Material for this exercise
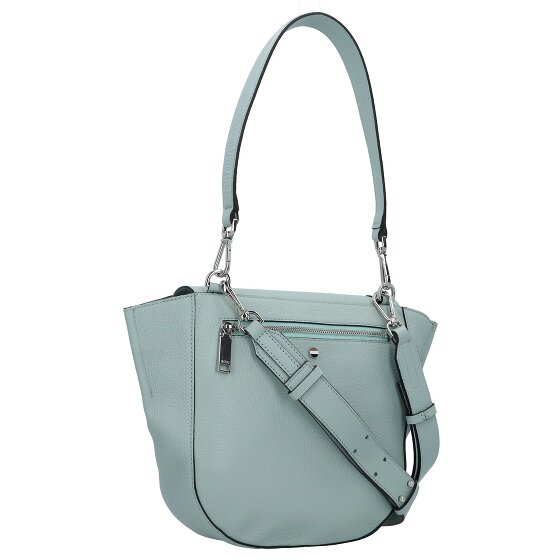 Boss Ivy Schultertasche Leder 23 cm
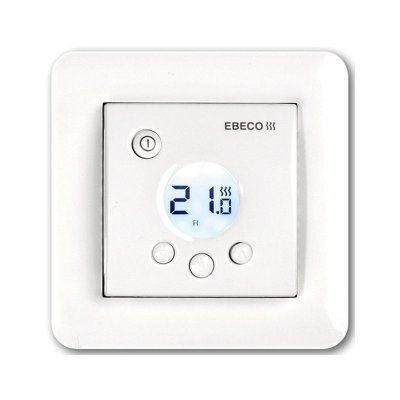 EBECO Termostat EB-Therm 205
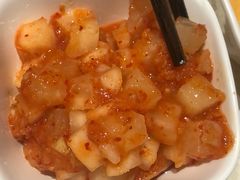 -火锅先生(五马街店)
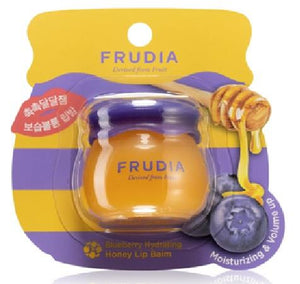 Frudia Blueberry Hydrating Honey Lip Balm 10ml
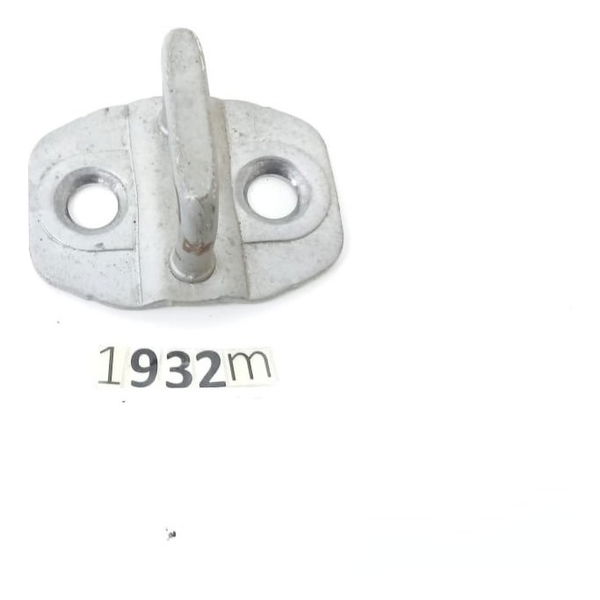 Batente Fechadura Porta Traseira Esquerda Fiat Freemont 2013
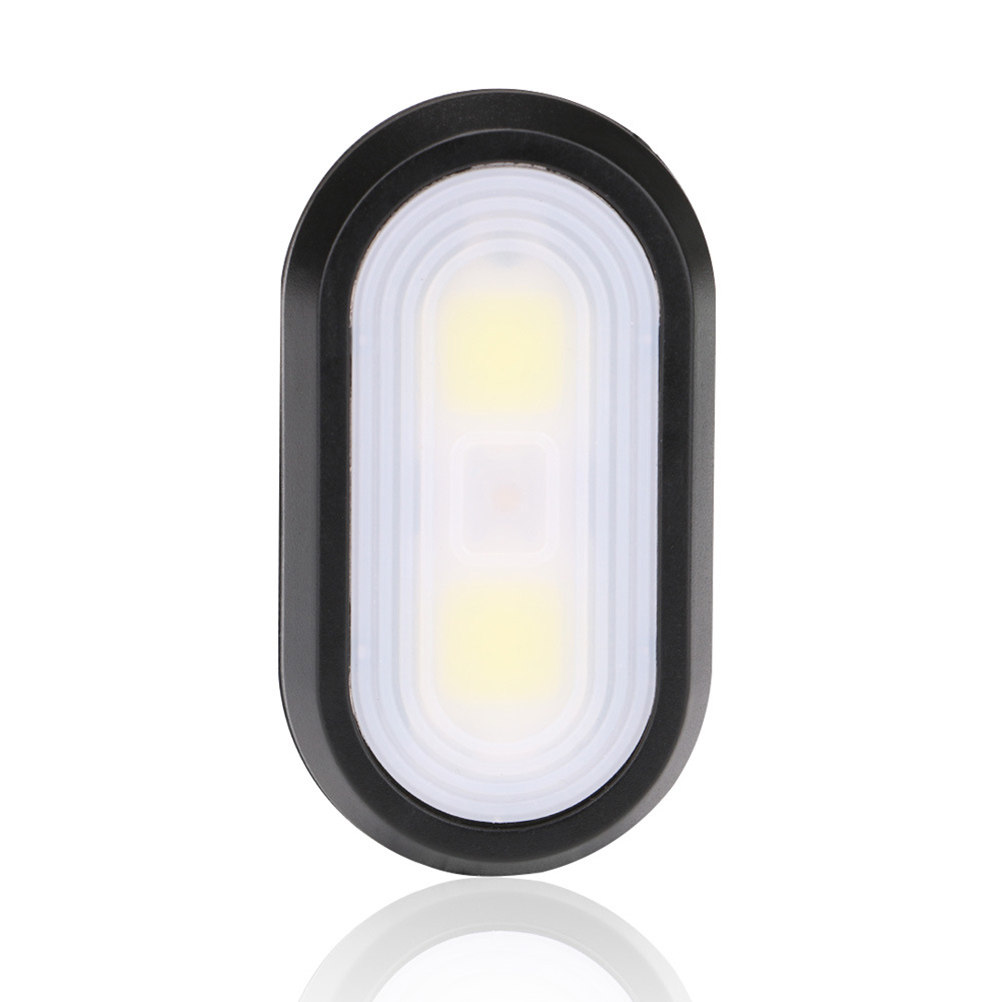 4Pcs Slim Lightweight LED Runn - Running Gear For Rain recension och pris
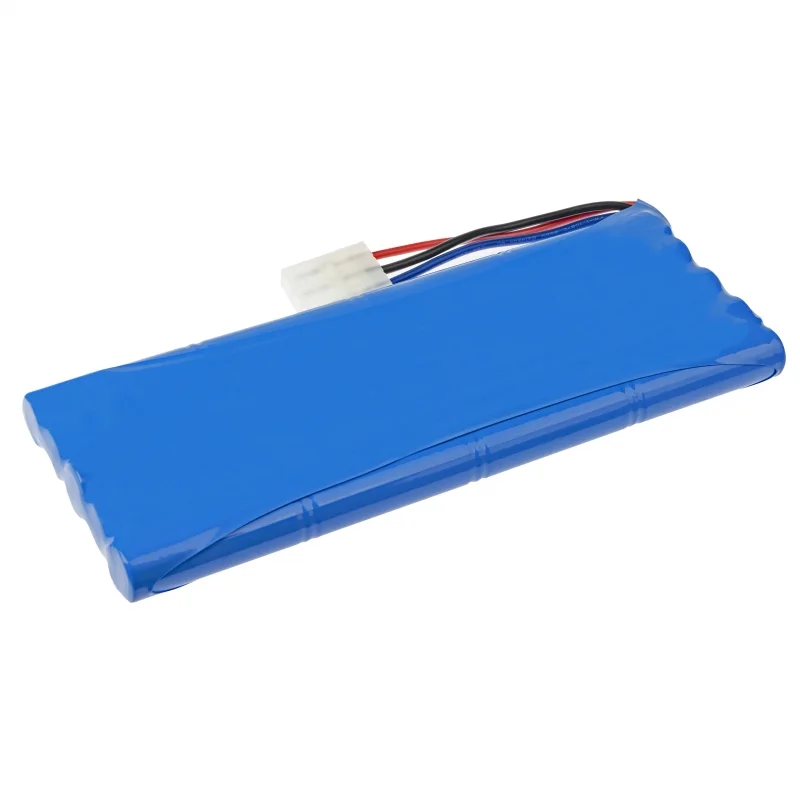 Green Cell Speaker Battery 20s-1p For Soundcast O.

Try it
Your copy should match every entry above exactly and contain no pictures.

Answer
 Boss Ivy Schultertasche Leder 23 cm
 EBECO Termostat EB-Therm 205
 -火锅先生(五马街店)
 Frudia Blueberry Hydrating Honey Lip Balm 10ml
 Batente Fechadura Porta Traseira Esquerda Fiat Freemont 2013
 4Pcs Slim Lightweight LED Runn - Running Gear For Rain recension och pris
 Green Cell Speaker Battery 20s-1p For Soundcast O.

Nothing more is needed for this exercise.